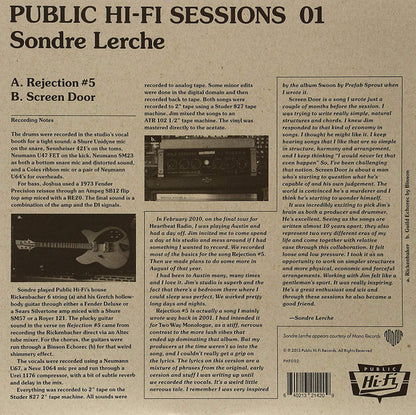 Sondre Lerche - Public Hi-Fi Sessions 01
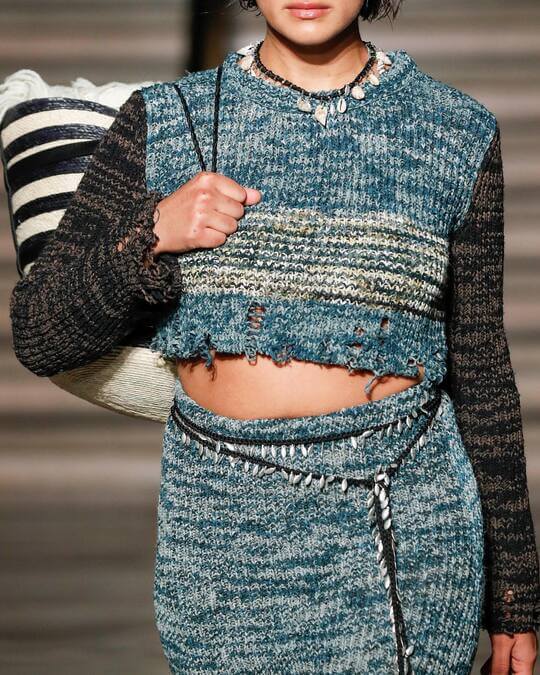 Altuzarra outfits with a worn effect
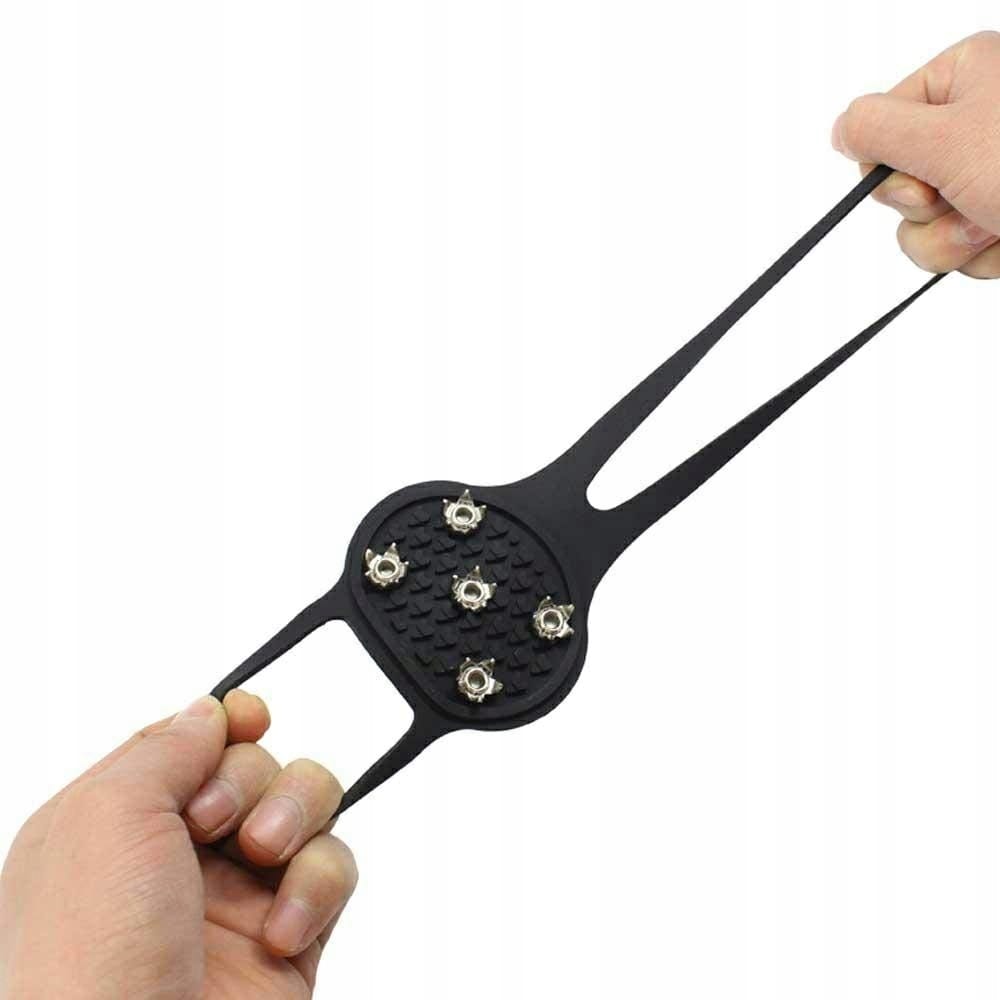 Raczki Mini Nakładki Z Kolcami Antypoślizgowe Na Buty Obuwie Czarne R 40-46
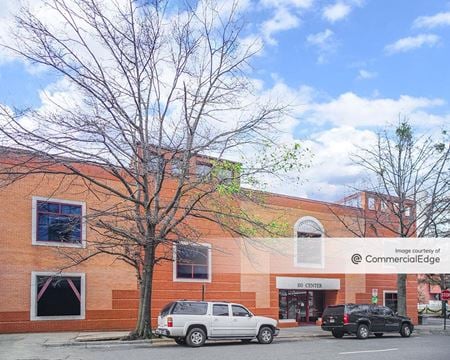 Photo of commercial space at 100 Center Street in Little Rock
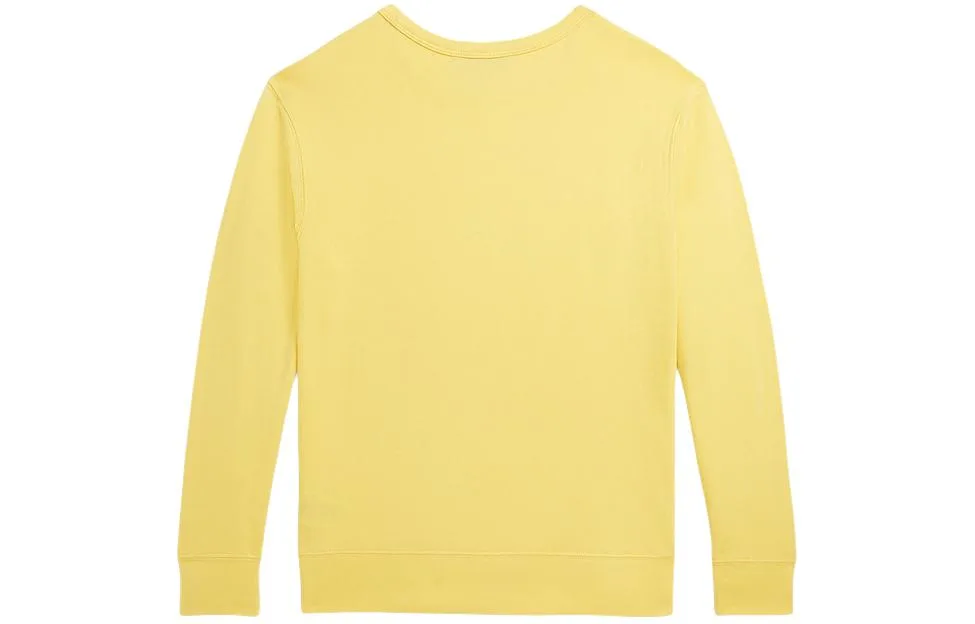 Polo Ralph Lauren Свитшот SS24 Yellow Kids' — фото 4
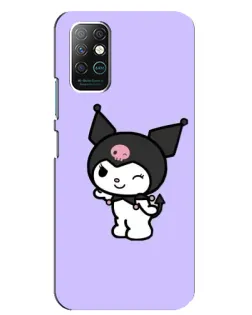 Чохол для Infinix Note 8 з картинкою «Класична Kuromi» Чохол для Infinix Note 8 з картинкою «Класична Kuromi»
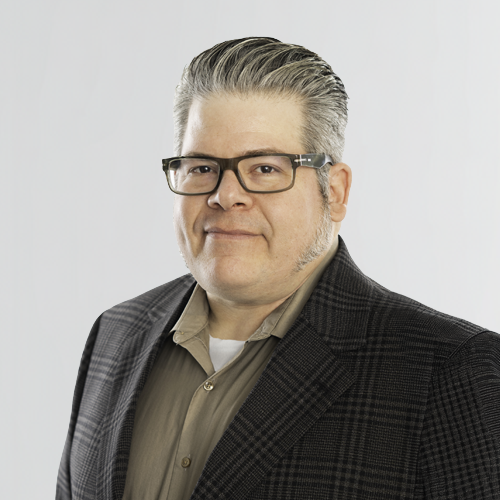 Portrait of Jeff Hall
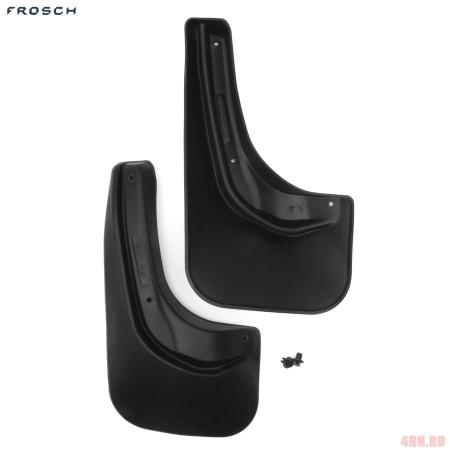 Брызговики задние для Chevrolet Cruze (2009-2015) № NLF.08.13.E10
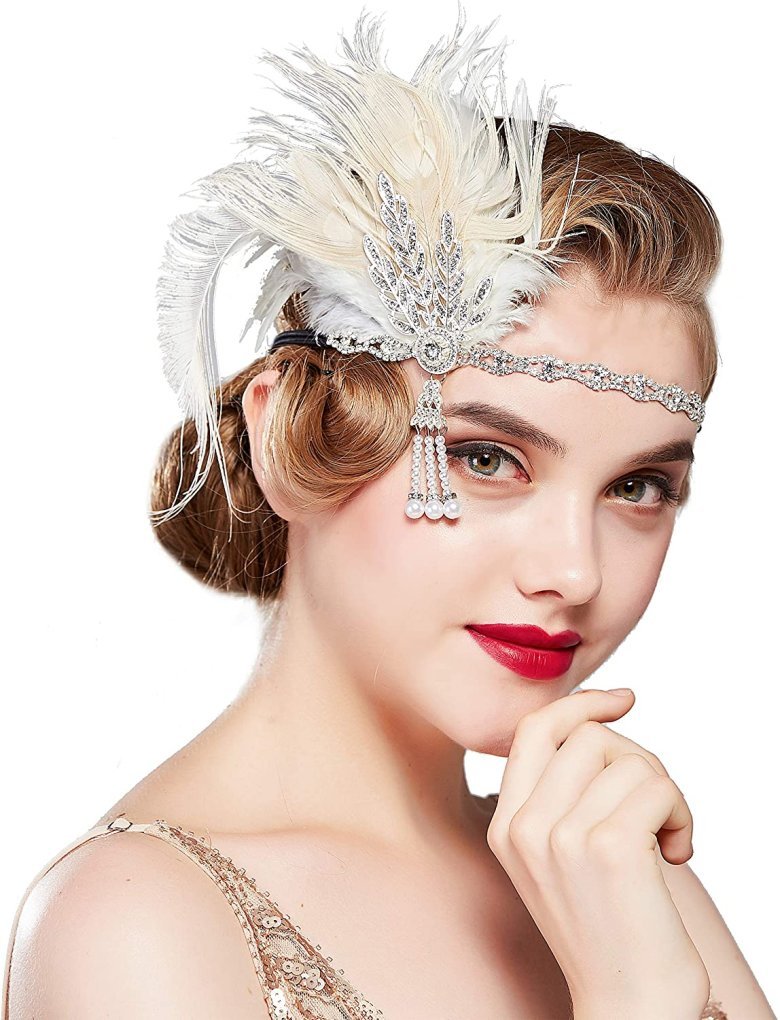 Макияж и прическа в стиле Гэтсби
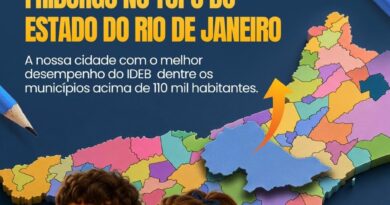 Nova Friburgo avança no Ideb 2025 e lidera entre municípios de grande porte no Estado do Rio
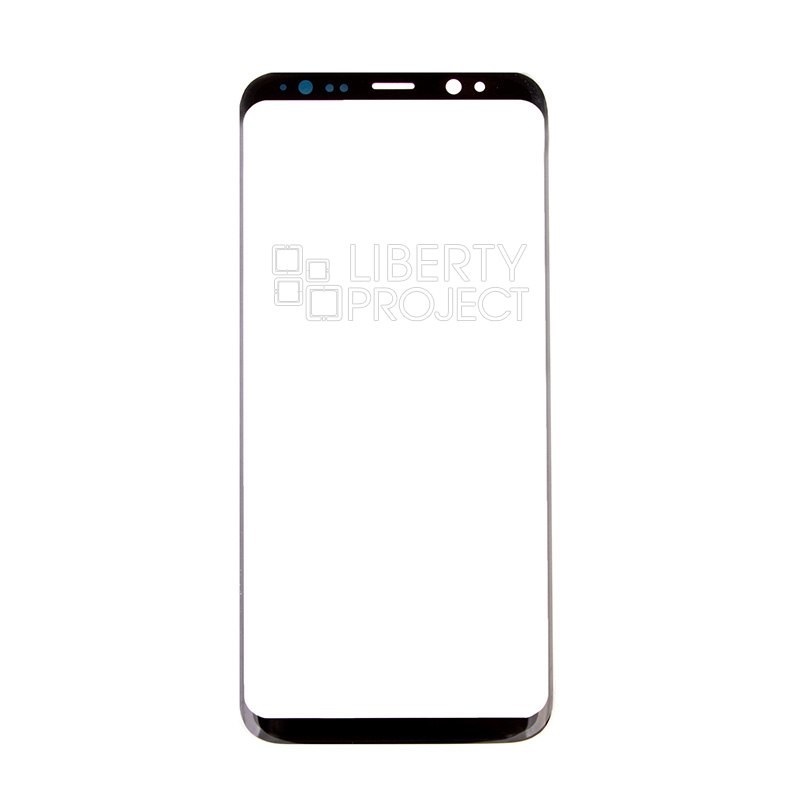 Стекло для переклейки Samsung Galaxy S8 SM-G950 Black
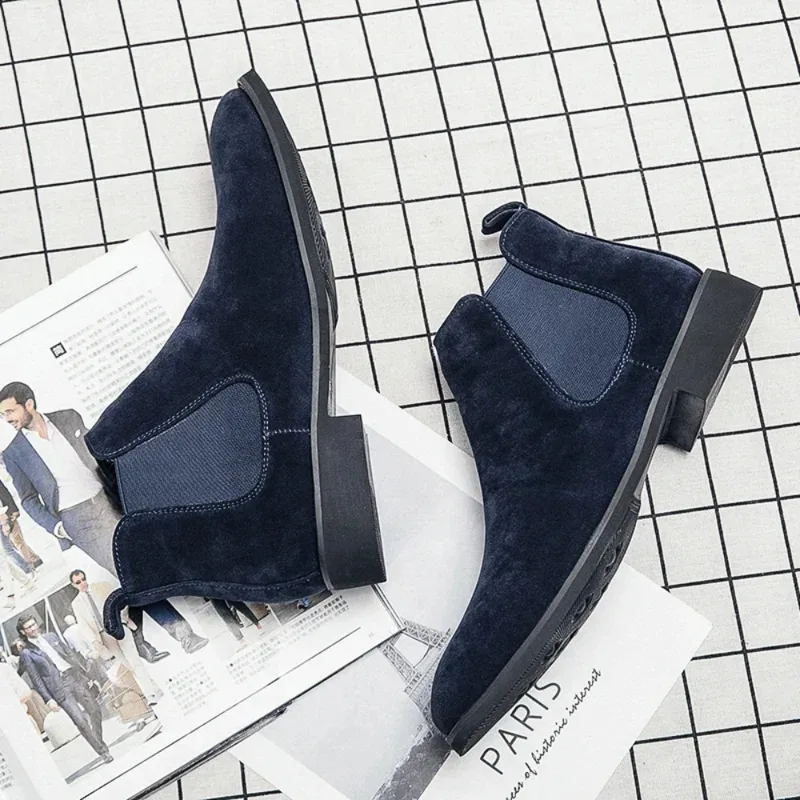 Chelsea Laarzen Heren Blauw Ku - Mens Fashion Zapatos recensie en prijs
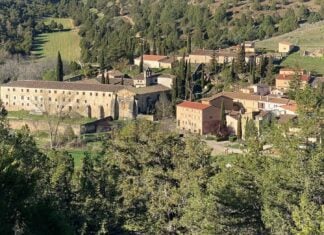 La Diputación destinará 2 millones de euros a arreglar iglesias de la provincia de Guadalajara Buenafuente del sistel se levanta en un paraje aislado y silencioso.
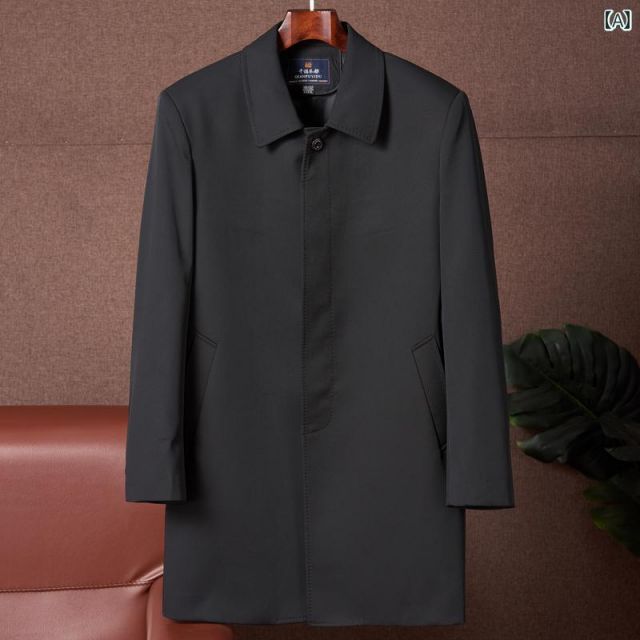 L 秋冬 コーデ メンズ 服 シンプル ファッション オシャレ 大人 かっこいい 大きいサイズ ストリート 紳士服 ジャケット アウター ウインドブレーカー USTAUSTRALIA_COM_AU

WHAT NEEDS TO BE DONE: Give exactly the lines above that run from the line with "Nova Friburgo avança" to the line with "Chelsea Laarzen Heren", both included, leaving every picture out.

YOUR RESPONSE:
 Nova Friburgo avança no Ideb 2025 e lidera entre municípios de grande porte no Estado do Rio
 Стекло для переклейки Samsung Galaxy S8 SM-G950 Black
 Chelsea Laarzen Heren Blauw Ku - Mens Fashion Zapatos recensie en prijs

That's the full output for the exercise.